不動産劣後債、驚異の75%リターン-上位銘柄はエヌビディア超え
(ブルームバーグ): これまで債券市場の暗い一角にあったハイブリッド債(劣後債)が、グローバル金融市場で最大の勝ち組トレードとなった。リターンは過去10年余りでトレーダーがほとんど見たこともないほどの水準に達している。
不動産会社の債務の中で最もリスクの高いハイブリッド債は、今年これまでに75%強のリターンを記録。トップ10の銘柄はこの間のリターンが約170%と、人工知能(AI)ブームの寵児(ちょうじ)であるエヌビディア株のパフォーマンスを20ポイント上回った。
これは、コロナ禍後の金利上昇と働き方の変化で世界中の不動産オーナーが苦境にあった時期にはほぼ誰も想像できなかったような急転換だ。主要中央銀行がインフレ抑制から景気優先に方針転換し、利下げに動いたことで、不動産関連債が早くも恩恵を受けつつある。
2008年の世界金融危機のさなかに金融業界に入ったレッドヘッジ・アセット・マネジメントのアンドレア・セミナラ最高経営責任者(CEO)は「私のキャリアの中で、似たような状況を思い出せない。純粋にディストレストな状況でない限り、これほどの上振れの規模は前例がない」と振り返った。

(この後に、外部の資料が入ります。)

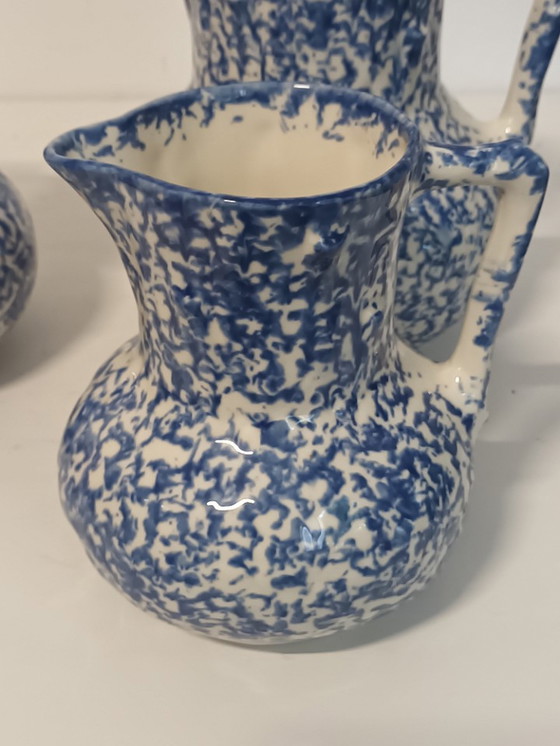 Image 1 of Set of jugs Staffordshire England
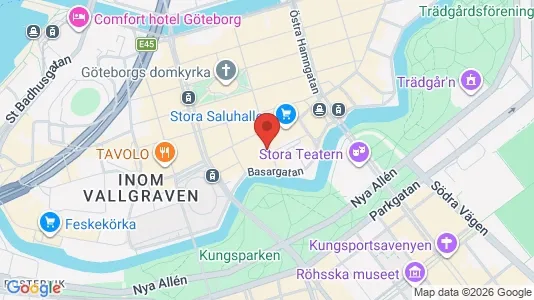 Kontorslokaler att hyra i Göteborg Centrum - Bild från Google Street View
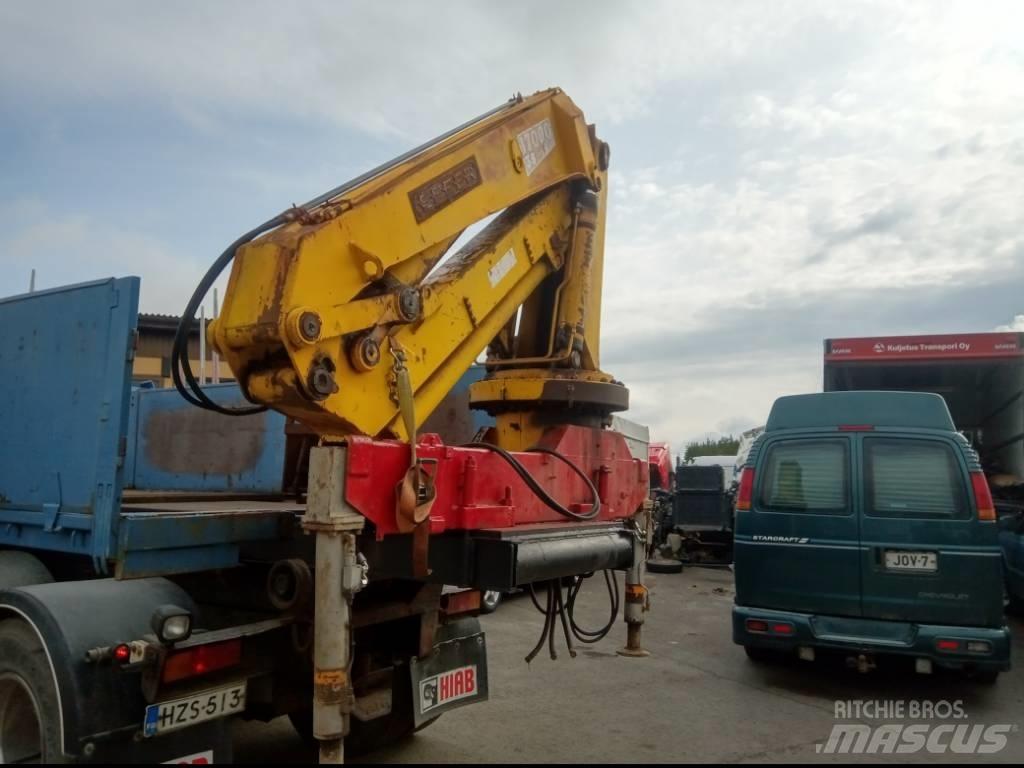 Effer 17000 2S Styckegodskranar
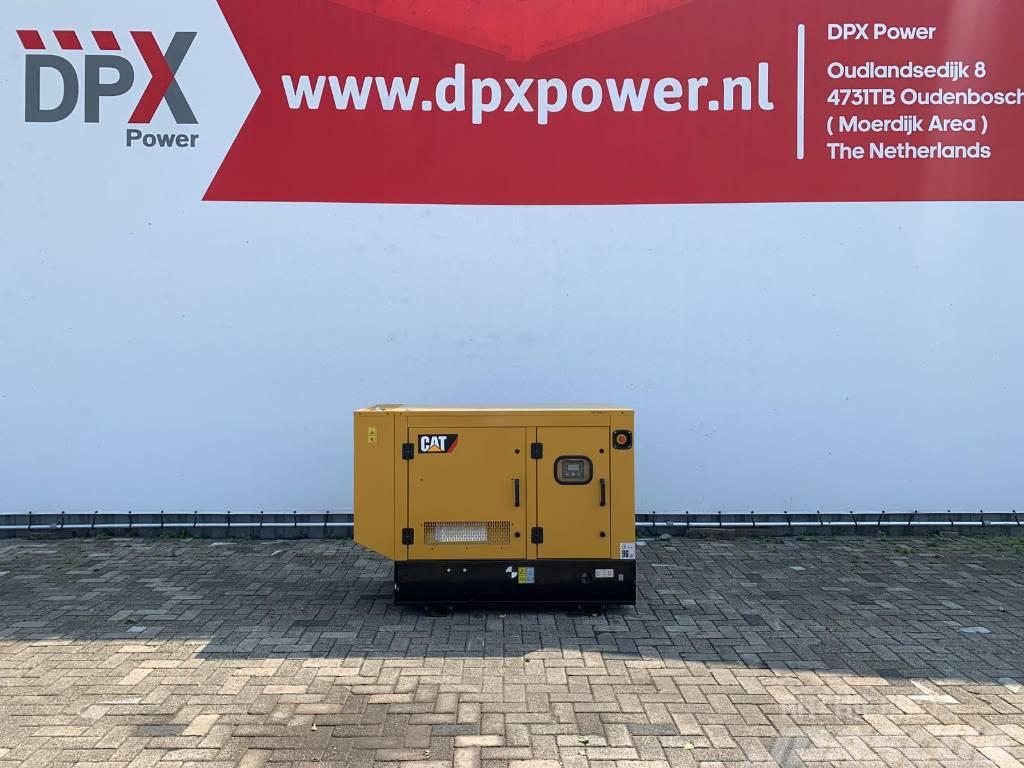 CAT DE18E3 - 18 kVA Generator - DPX-18002 Générateurs diesel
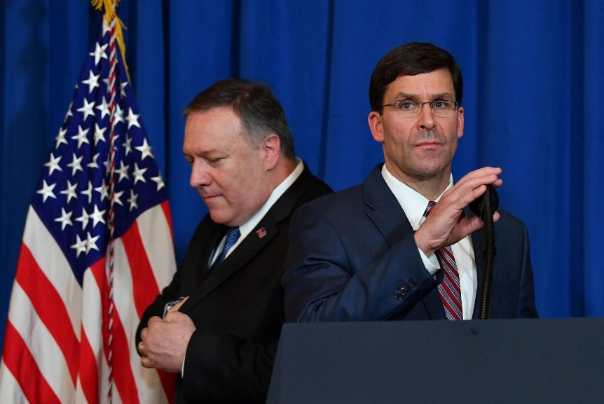 وزیران خارجه و دفاع امریکا از حضور در جلسه کنگره طفره رفتند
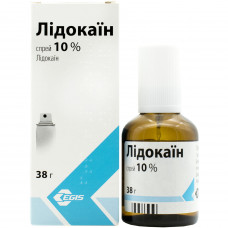 Lidocaine spray of 10% fl. 38 g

22年に各国・地域中銀が利上げ局面に入って以後、不動産オーナーの劣後債価格は約50%急落していた。金利高は借り換えコスト上昇を意味し、返済がいつまでも先送りされるのではないかと投資家は不安になった。企業はデフォルト(債務不履行)のトリガーとならない利払い見送りが可能であり、投資家の間で人気が低下した。
セミナラ氏にとって、ディストレスト水準での債券購入は、企業が償還期限を迎える債務を借り換え、インフレ鈍化で中銀も利下げが可能になるという読みに基づくもので、いずれも正しかった。
企業が直面していた「満期の壁」は今年に入り崩壊した。信用市場に資金が流入し、不動産オーナーは新たに債券を発行し借り換えを行った。欧州中央銀行(ECB)やイングランド銀行(英中央銀行)に続き、米金融当局も今月政策金利引き下げを決め、大幅な追加利下げの可能性を残した。